In spite of its many names, the war was completely bloodless. Yet legend has it there was one casualty: either a Canadian pig wandering over the border, or a cow shot by mistake while wandering outside the Fort Kent blockhouse.  Or that one casualty might be private Hiram T. Smith, buried in Haynesville (ME) and frequently cited as the ‘only casualty of the Aroostook War’ – a shaky claim, as no one seems to know exactly what he died from. Further casualties were avoided, as in 1839 it was agreed that (US) Congressman Daniel Webster and (British) Lord Ashburton should work out a compromise border.

In 1842, they settled that the US would get over 18.000 sq. km (7.000 sq. mi) of the disputed area, up to the St Johns River, which would be opened up for free navigation by both countries. Great Britain got almost 13.000 sq. km (5.000 sq. mi) of disputed territory, allowing them an overland route between Lower Canada and Nova Scotia that was usable year-round – the Halifax Road.

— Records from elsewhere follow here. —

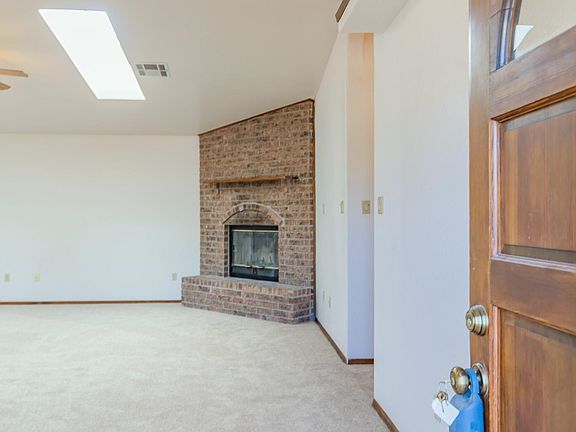 3rd image of 2616 Saint Andrews Ct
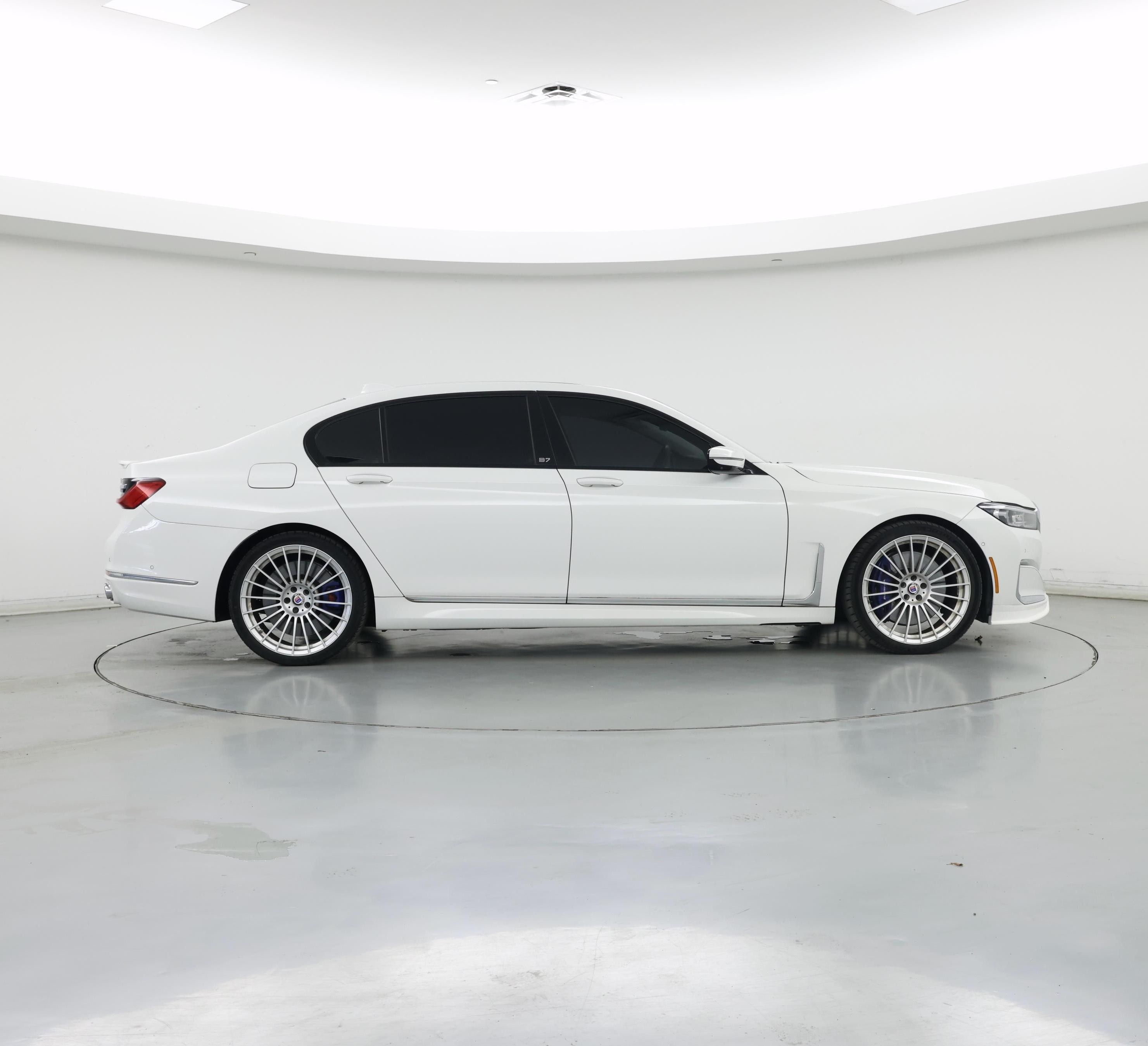 Thumbnail: 2021 BMW 7 Series - 7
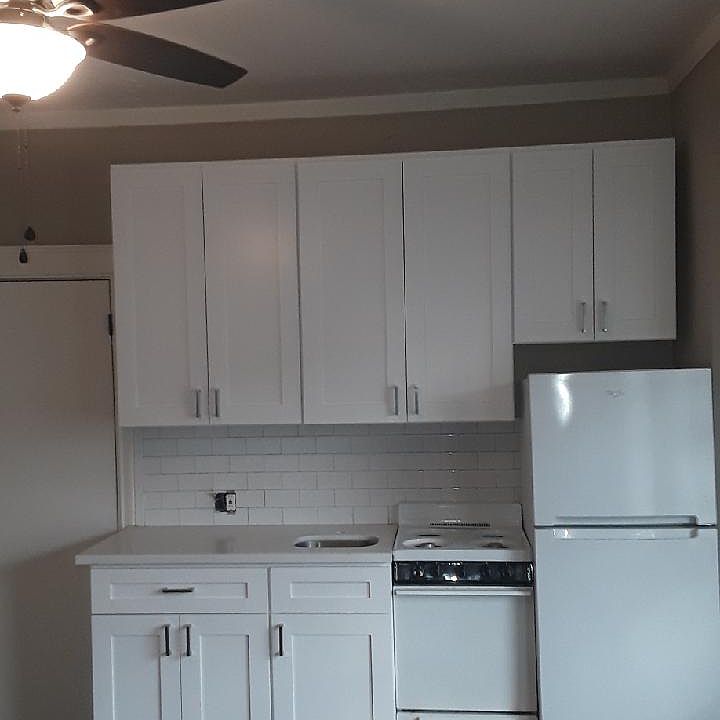 1st image of 157 S Los Robles Ave #7A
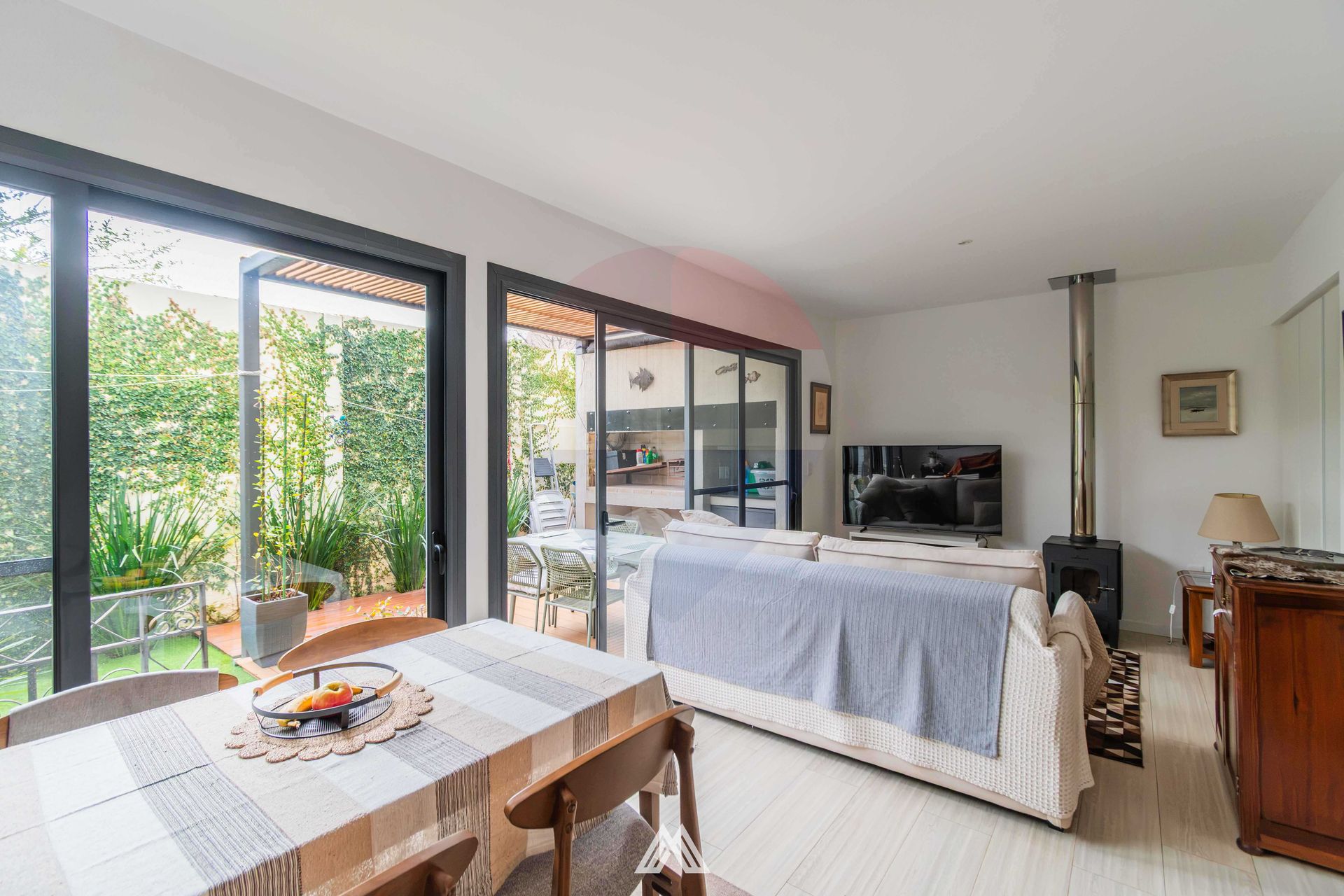 Venta Casa Carrasco de 2 Dormitorios y escritorio - 1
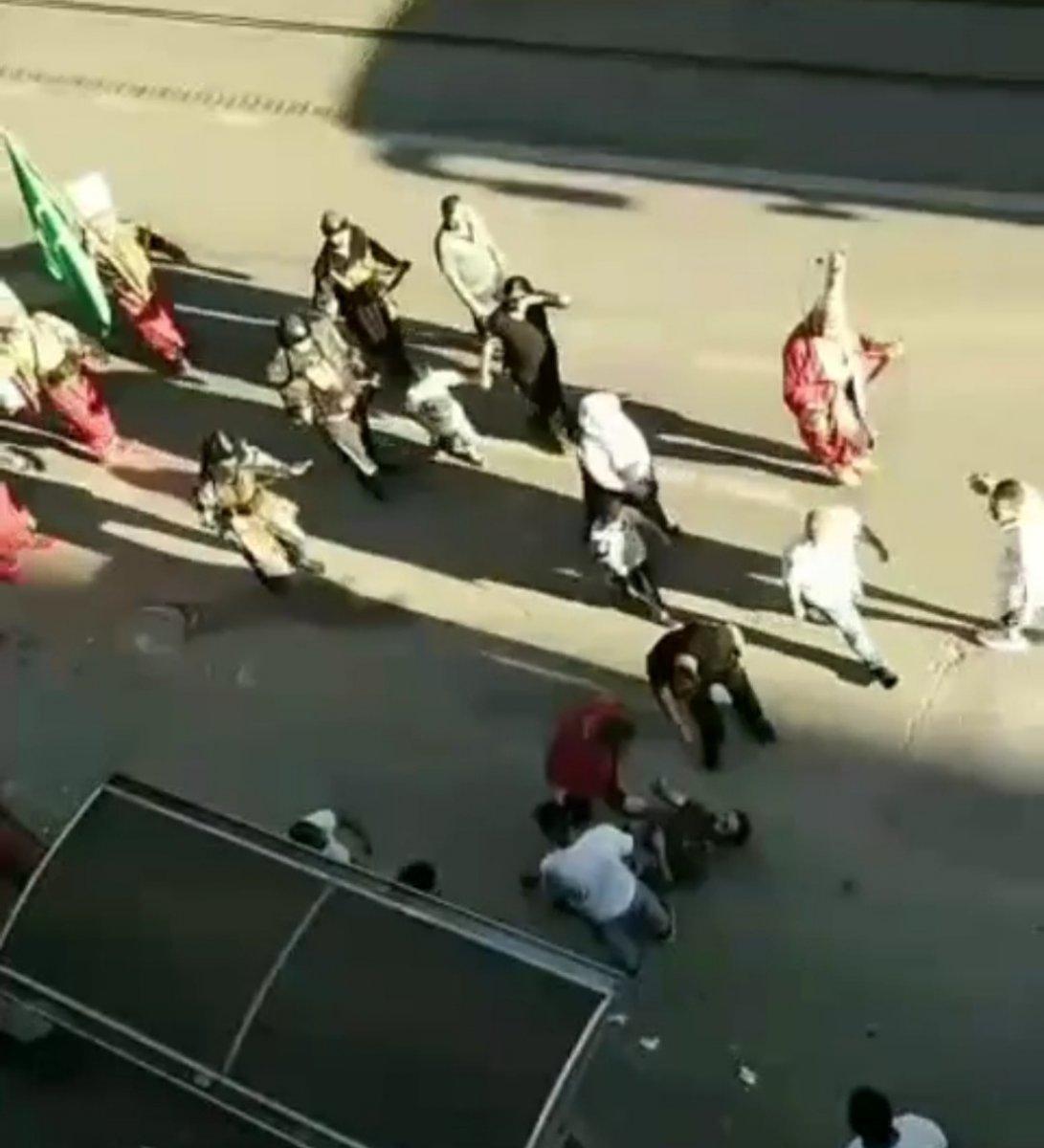 Bursa'da mehter eşliğinde kavga kamerada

Other achievements of the Webster-Ashburton Treaty were the fixing of the US-Canada border in the Great Lakes area, and the setting of a peaceful precedent for resolving territorial and other disputes between the US and its northern neighbour.  

In its entry on the Aroostook War, Wikipedia has this interesting cartographic bit of trivia: Webster used a map found in the Paris Archives by the American Jared Sparks (and said to have been marked with a red line by Benjamin Franklin in Paris in 1782) to persuade Maine and Massachusetts to accept the agreement. As the map showed the disputed region belonged to the British, it helped convince the representatives of those states to accept the compromise, lest the “truth” reach British ears and convince the British to refuse a compromise. It was later discovered that the Americans had hidden their knowledge of the Franklin map. A map said to be favorable to the United States claims was apparently used in Britain, but this map was never revealed. Some claim the Franklin map was a fake created by Britain to pressure the American negotiators as their map placed the entire disputed area on the American side of the border.”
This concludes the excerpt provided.